Monday, July 28, 2008

Two Forms of Funding

Temple of Hephaestus (wikisource)

In theory, the Athenian government (such as it was) collected taxes for two distinct purposes: hiera, sacred matters relating usually to specific deities, and hosia, a word with debated meaning. Some scholars see hosia as something like the opposite of hiera, catching all non-religious uses of funds. But, almost all are careful to explain, the Greeks had no concept of separating expenditures into religious and non-religious categories. hosia in fact means something like "sanctioned by the gods" (according to the Great Scott), so it can't have really been much removed from religious matters.

What the use of hosia suggests to me, if we can take it to pertain to divine sanction of some kind, is that the spenders of the money clearly had to show that anything Athens spent money on was pious, and therefore sanctioned by the gods, even if it was tabbed for ostensibly non-religious purposes like war against Sparta.

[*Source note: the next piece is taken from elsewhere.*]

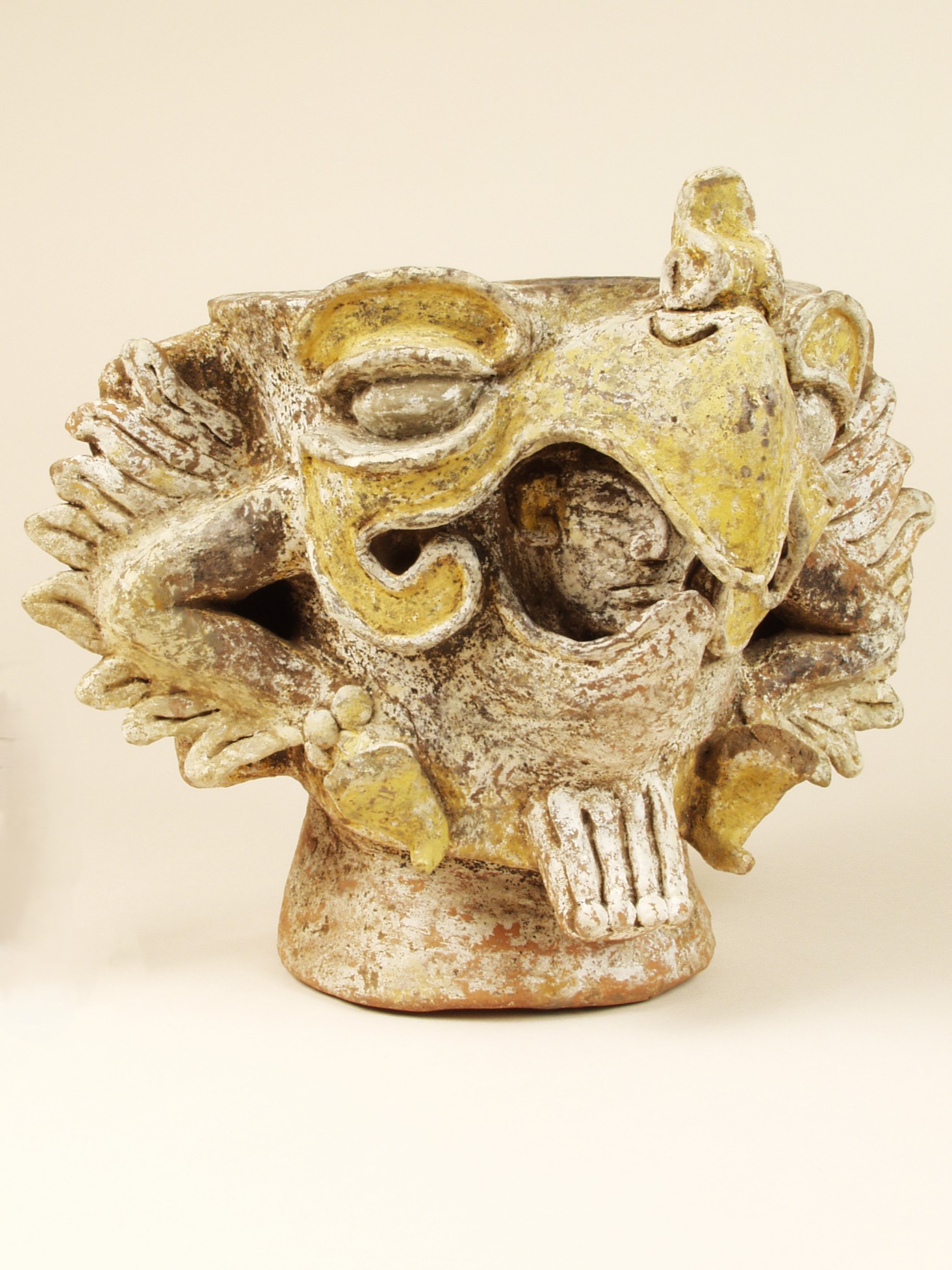 Ceramic vessel in the shape of a bird head with a man peaking out inside the slightly open beak. Beak is painted yellow.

Adding further complication, funds designated as hiera could be spent, in times of crisis, on non-religious matters. Clearly the distinction was less than absolute.

Either way, the presence of these ideas shows that people in Athens in charge of spending money had a significant obligation to establish the piety of their actions - an important fact to keep in mind when analyzing decisions made during the Peloponnesian War.